At the back of the store, I found an upright pile of sticks. Nearby was an untidy pile of electrical equipment, which was so typical of my colleagues. There was a completely different store for all this, but they just dumped stuff anywhere.
I pushed the sticks out of the way. Finally the prize: a double barrelled shotgun. I checked the exhibit label. It told me it had taken off a suicidal man eighteen months earlier but never reclaimed. Tearing off the plastic cover used to make the weapon safe, one problem remained.
‘Summer, where the hell are all the shells?’
We started to turn the place upside down.
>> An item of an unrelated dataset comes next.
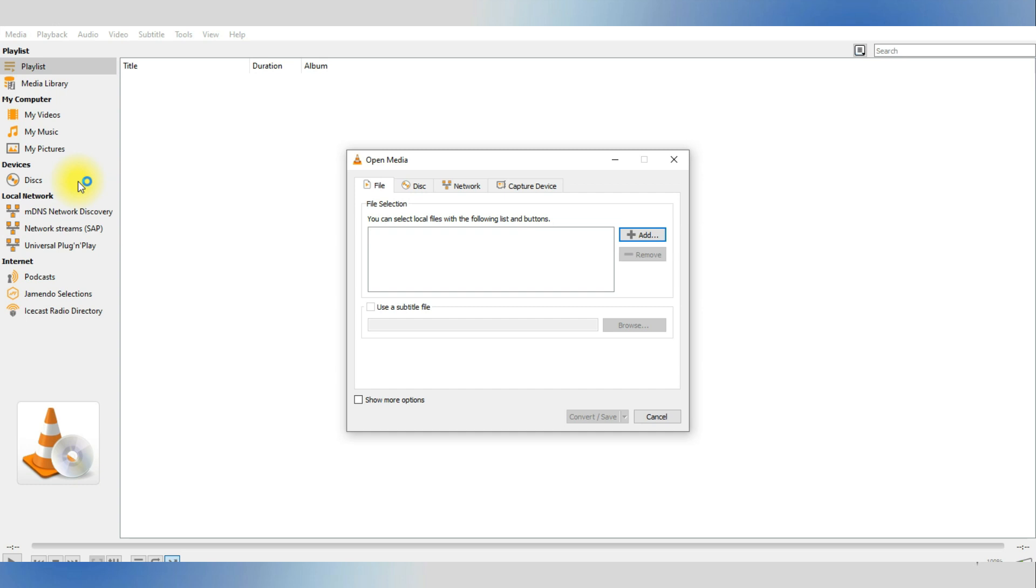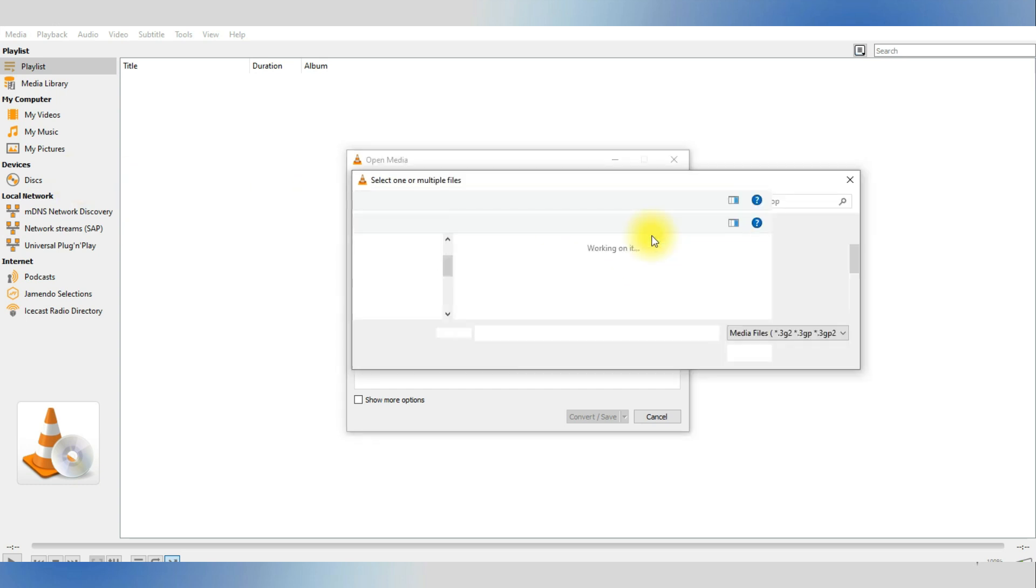Alternatively, just press Ctrl-R. You will bring up this panel, Open Media, and now you can click the Add button and select the media you want to open.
The pounding kept up on the doors, a remorseless death metal beat.
‘Johnny, look,’ she said.
We had them, a box of shotgun shells stuffed behind a heap of .22 air gun pellet tins under a desk. I loaded the shotgun and looked over at the door. Sometimes when I’m really nervous about doing something I find it best just to do it; just do it straig
ht away and not even think about it.
I pulled the dead bolt across and the door flung open. Behind me, I heard Summer make an unintelligible sound, like a yowl perhaps.
Dolan lunged, his face grey and his eyes black pools. I pulled on the trigger, instantly deafened by the blast. Dolan flew three feet into a wall and fell down. Cordite smoke choked our lungs and burned our eyes. One of his shoulders was missing, just a red mess of gore and ruined bone. His arm hung off, attached by no more than flimsy, shredded strips of skin. He stirred and went to stand like a god-damn grizzly bear.
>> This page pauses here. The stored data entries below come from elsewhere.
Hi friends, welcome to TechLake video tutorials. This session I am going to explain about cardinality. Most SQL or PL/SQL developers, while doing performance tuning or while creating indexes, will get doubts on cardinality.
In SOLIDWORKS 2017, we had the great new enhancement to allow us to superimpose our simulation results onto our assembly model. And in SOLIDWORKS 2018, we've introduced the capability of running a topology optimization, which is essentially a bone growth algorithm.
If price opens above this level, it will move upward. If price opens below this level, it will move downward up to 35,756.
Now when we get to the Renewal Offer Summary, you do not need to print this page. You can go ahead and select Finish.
‘Head shot, Johnny,’ Summer said.
Raising the gun, I let him have it. One second his head was there, the next there was nothing but a red geyser and an ugly looking brain stem. My ears rang with an electronic flat line.
‘I did it,’ I told her.
She slapped me hard across the cheek making me taste blood. ‘That’s for opening the door without telling me.’
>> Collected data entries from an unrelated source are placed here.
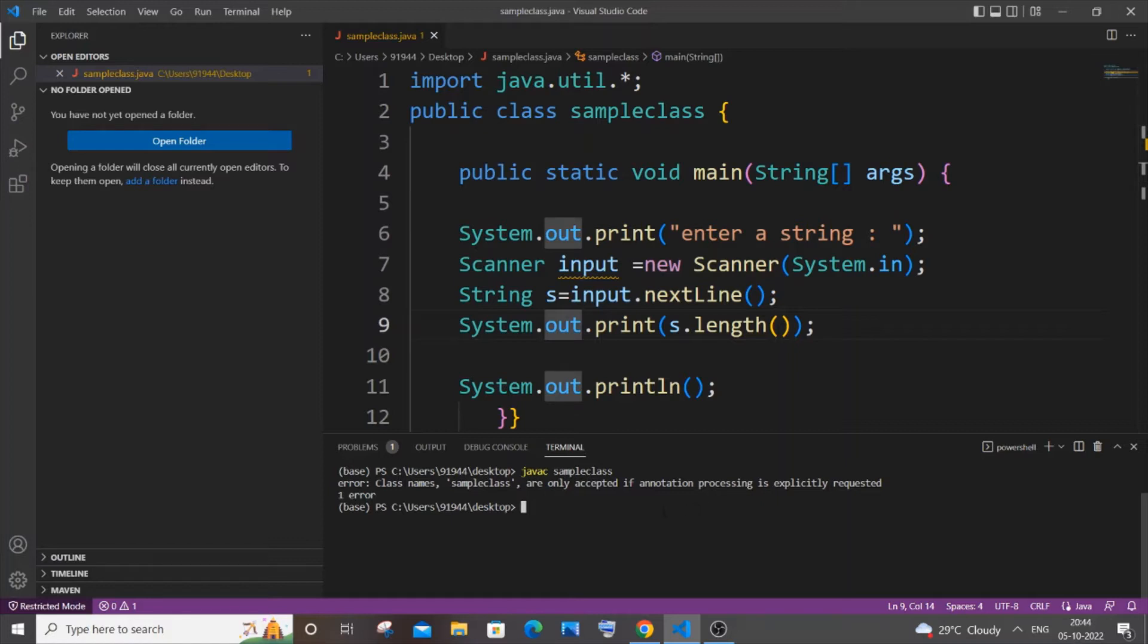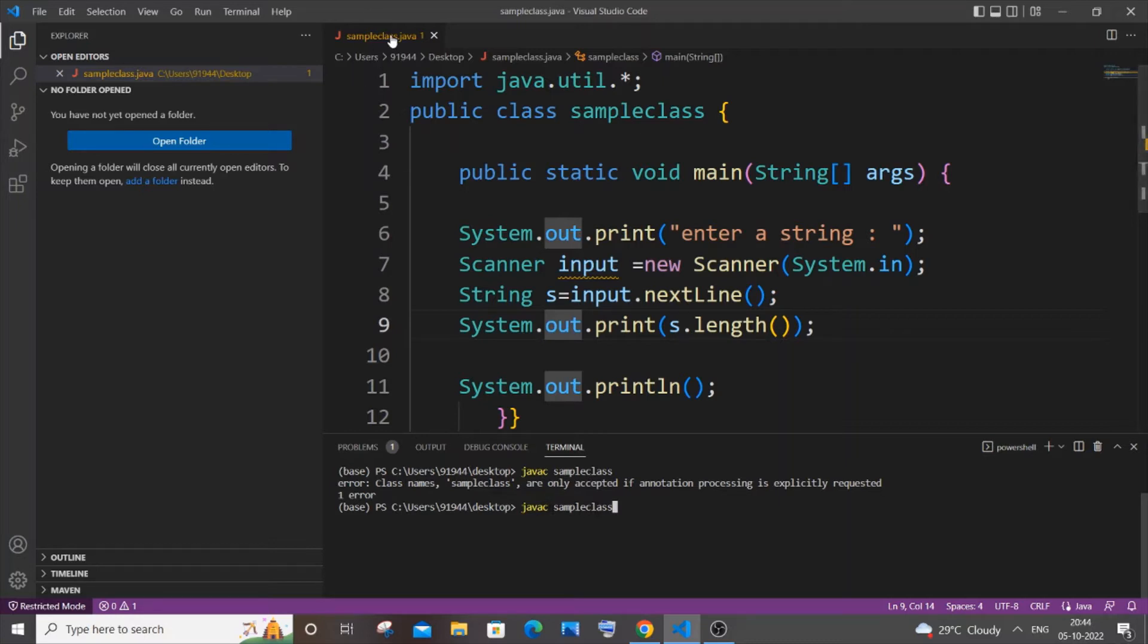The reason is because you have forgotten to give the extension .java after you have specified your file name. Here you can see I have just specified my javac and my file name which is SampleClass, but I forgot to give the .java extension.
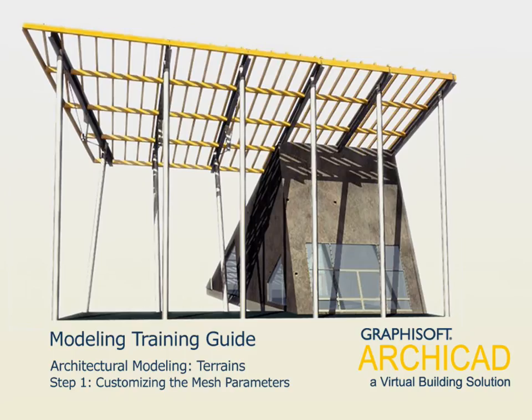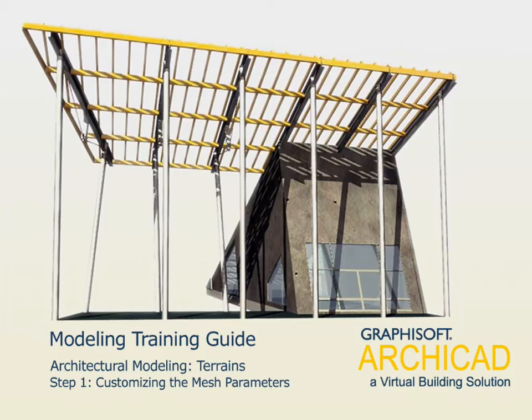Chapter 1: Architectural Modeling - Terrains. Step 1: Customizing the Mesh Parameters. In the first part of this chapter we will set the parameters of the Mesh to be placed later.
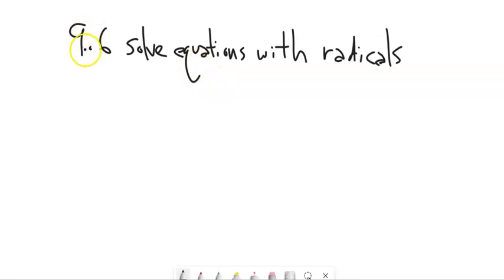This is Math 98. We're going to look at section 9.6. We're solving equations with radicals in them.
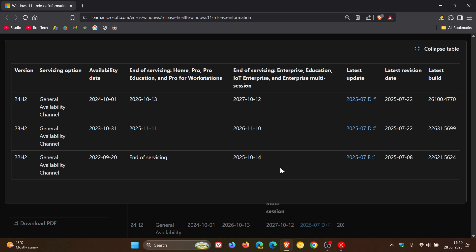And the Windows 11 version 22H2 IoT enterprise and education versions were released on the 20th of September 2022, which means by the end of support later this year, they would have received just over three years of support compared to the regular two years for the home and pro editions.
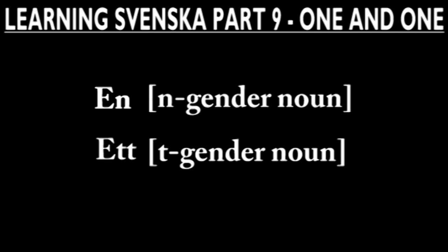We will in later episodes talk more about how to distinguish t and n gender nouns, but for now we will only focus on n and et.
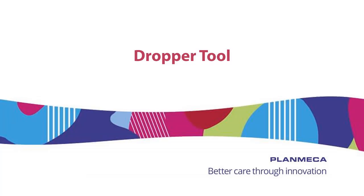This has been Gerald Espinoza, clinical specialist for PlanMECA USA. Thanks for watching. Today's topic, dropper tool. Happy designing!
I dropped my eyes, and mimed ‘Sorry.’ There were dark stains all over her blue uniform. ‘I won’t do it again,’ I told her
Then we heard another voice, deep in the bowels of the station. It came from the cells and I recognized the voice.
‘Oh no,’ I mumbled.
Re-loading, we edged into Dolan’s room. My hand reached behind me and turned on the light switch. Other hands slammed onto the reinforced window outside the station. I looked and could see at least twenty bodies out there looking straight at me, the window glass clear behind the bars.
‘It’s the light, they’re attracted by the light,’ she told me and turned it back off.
We crept towards the cell block.
‘HELP ME,’ the distant voice implored.
The cell block started with a custody desk stuffed full with all manner of bureaucratic forms. Next to the desk were two small holding cells.
‘Hey you fucking pigs, I’m bleeding in here,’ screamed the voice.